**DESCRIPTION OF THE TASK:** Whatever lines the data contains, output all of them unchanged.

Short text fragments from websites
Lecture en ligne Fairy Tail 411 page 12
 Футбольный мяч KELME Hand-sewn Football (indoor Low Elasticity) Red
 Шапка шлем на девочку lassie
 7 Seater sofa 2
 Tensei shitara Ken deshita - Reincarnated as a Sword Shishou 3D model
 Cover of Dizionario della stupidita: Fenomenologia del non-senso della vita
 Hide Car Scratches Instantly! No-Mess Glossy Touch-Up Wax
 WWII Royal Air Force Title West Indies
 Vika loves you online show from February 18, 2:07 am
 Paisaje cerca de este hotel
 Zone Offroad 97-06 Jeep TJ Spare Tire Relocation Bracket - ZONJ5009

**TASK OUTPUT:**
Lecture en ligne Fairy Tail 411 page 12
 Футбольный мяч KELME Hand-sewn Football (indoor Low Elasticity) Red
 Шапка шлем на девочку lassie
 7 Seater sofa 2
 Tensei shitara Ken deshita - Reincarnated as a Sword Shishou 3D model
 Cover of Dizionario della stupidita: Fenomenologia del non-senso della vita
 Hide Car Scratches Instantly! No-Mess Glossy Touch-Up Wax
 WWII Royal Air Force Title West Indies
 Vika loves you online show from February 18, 2:07 am
 Paisaje cerca de este hotel
 Zone Offroad 97-06 Jeep TJ Spare Tire Relocation Bracket - ZONJ5009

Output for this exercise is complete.